A: The university does not specify the number of hours per week a faculty member must work. There is an expectation that members of the faculty will work the hours necessary to carry out the professional responsibilities of their position. There is also the realization that the number of hours required for any activity will change over time. That's one of the reasons effort reporting is based on a percentage of effort rather than a number of hours.
Faculty appointments generally specify an annual salary amount that is negotiated between the department/college and the individual faculty member. That rate of pay covers all the activities you perform for your department - research, teaching, outreach, public service. Sponsors expect that the salary charged to their project for the effort performed will be at the same rate as the salary charged to other activities performed by the faculty member.

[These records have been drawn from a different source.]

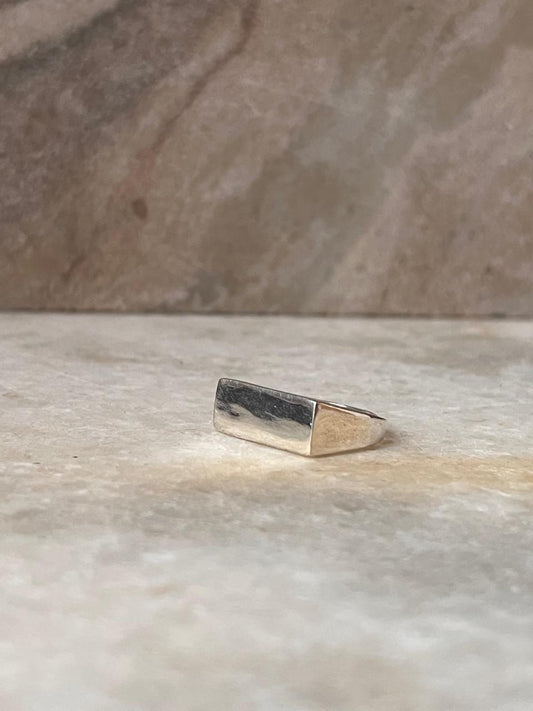 Plain Signet 925 Sterling Silver Ring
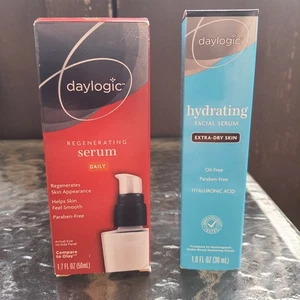 Daylogic 2 piezas suero regenerador 1,7 FL OZ ~ suero facial hidratante 1 FL OZ NUEVO - Imagen 1 de 5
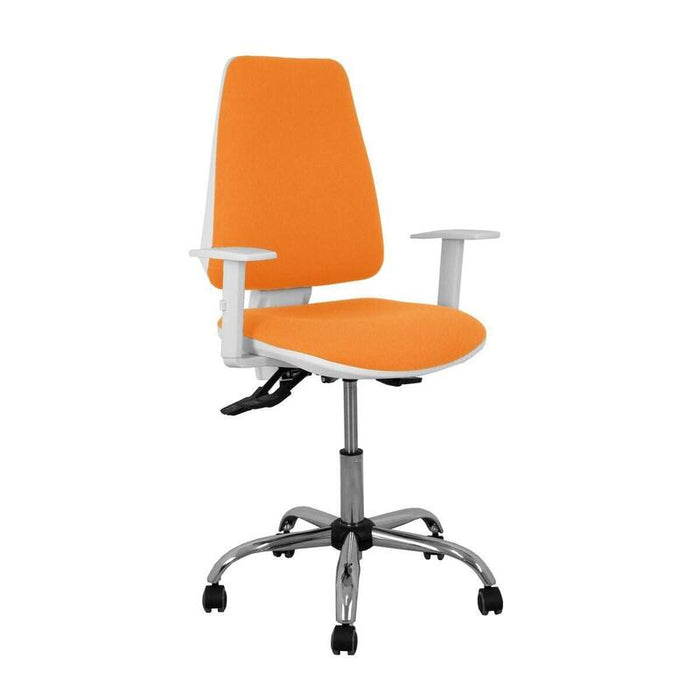 Piqueras Y Crespo Silla Elche Blanca Asincro Bali Naranja Brazos Regulables Ruedas De Parque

Effort on grants is to be based on your total university effort. The principle is that sponsors are not to be charged at a higher rate per unit of effort than the institution pays an employee for effort directed towards other university activity. The percent of salary allocated to your grant should be commensurate with the percent of your total university work effort, directed towards the goals of the grant. This principle demonstrates that regardless of the activity engaged in for the university the compensation for that effort is at a consistent rate.
Is it sufficient for a faculty member to simply tell his/her Program Officer about a change of effort greater than 25% of current effort?
While it is important that the researcher maintains a good relationship with the Program Officer, this is not sufficient. Any decrease in effort greater than 25% by key personnel (as listed in the Notice of Grant Award) must be approved prior to the change and in writing by the sponsor's Grants Officer. The request must be processed through the UMass Amherst Office of Grant and Contract Administration in advance of the change.
An increase in effort greater than 25% for key personnel should also be reviewed to assess whether there has been a change in the scope of work and the impact, if any, on other sponsored agreements. If there is a change in the scope of work, it must be approved prior to the change and in writing by the sponsor's Grants Officer. The request must be processed through the Office of Grant and Contract Administration in advance of the change.
What are the effort requirements of a PI for a no-cost extension under Expanded Authorities? Does the original effort commitment extend to the no-cost extension period? (Expand to continue)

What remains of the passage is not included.